Distinguished scholar and literary critic, Professor Biodun Jeyifo, has died at the age of 80. He died on Wednesday in Lagos, just weeks after marking his 80th birthday in January.
News of his death was confirmed the same day in a statement by Professor Andrew Haruna, President of the Nigerian Academy of Letters (NAL).
Popularly known as BJ, Jeyifo was widely regarded as one of the most significant voices in African literary criticism and arguably the most influential single-author intellectual in the field.
At the time of his death, he served concurrently as Emeritus Professor of English and African Literature at Cornell University and Professor of African and American Studies at Harvard University.
Born in Nigeria, Jeyifo graduated with a First Class degree in English from the University of Ibadan in 1970. He completed his Master’s degree there in 1973 before earning a PhD from Cornell University in 1975.

He was recognised internationally as a foremost authority on the works of Nobel laureate Professor Wole Soyinka. His landmark book, Wole Soyinka: Politics, Poetics, Postcolonialism, is considered by many scholars to be among the most sophisticated critical studies of any African writer’s oeuvre.
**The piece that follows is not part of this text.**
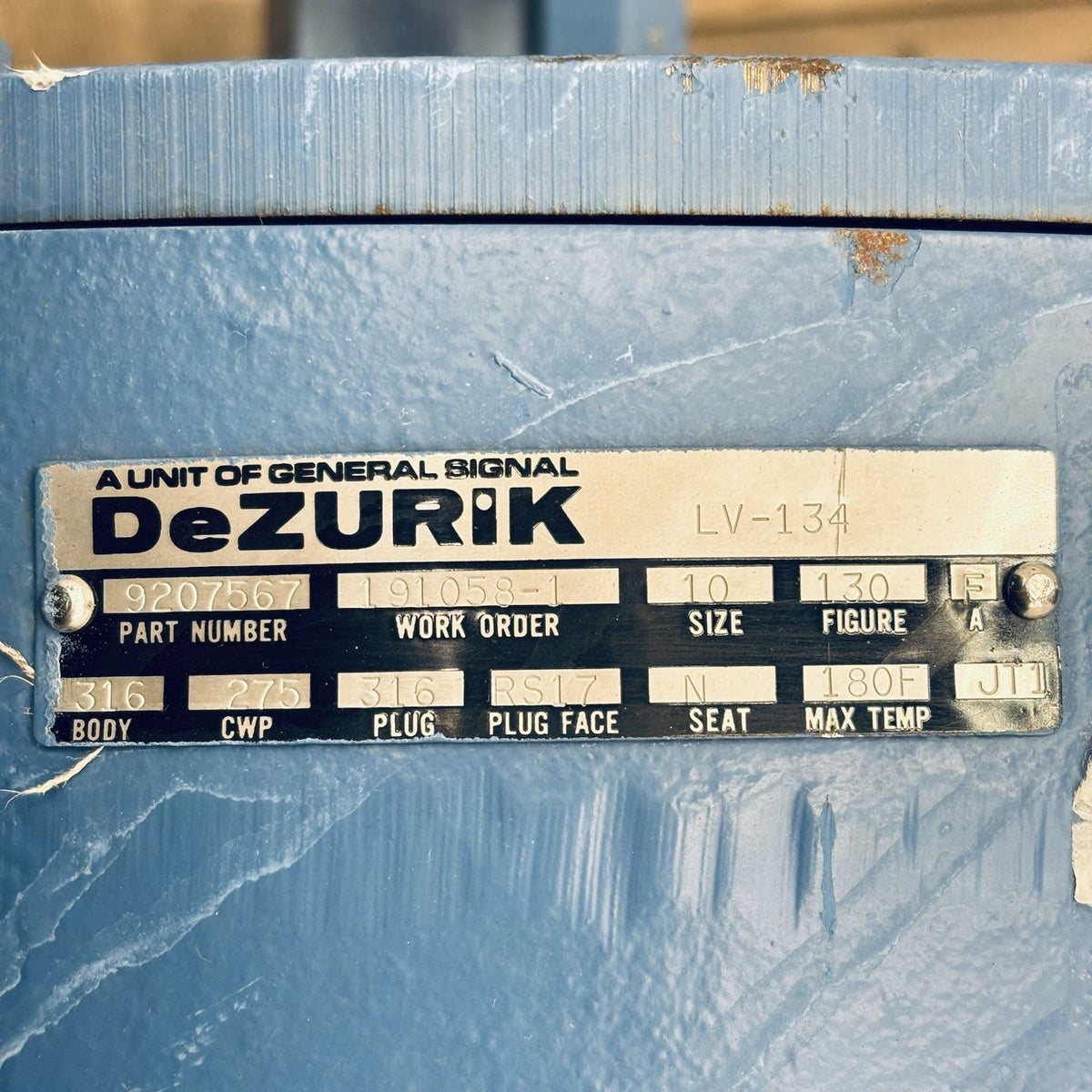 DeZURIK 9207567 10 in nameplate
Beyond his extensive work on Soyinka, Jeyifo also produced influential scholarship on Professor Chinua Achebe and other leading African writers. His work was consistently praised for its intellectual depth, analytical rigour, originality and sustained scholarly dedication.
Professor Jeyifo was also celebrated as a devoted and exacting teacher. Many colleagues referred to him as a “professor of professors,” reflecting the generations of academics he mentored, particularly within the humanities.
Paying tribute during Jeyifo’s 80th birthday celebration, one of his mentees, Chidi Amuta, wrote: “BJ [Biodun Jeyifo], as a teacher of literature, was marked out not only by the ideological departure of his pedagogy, but by the depth, rigour and originality of his scholarship”.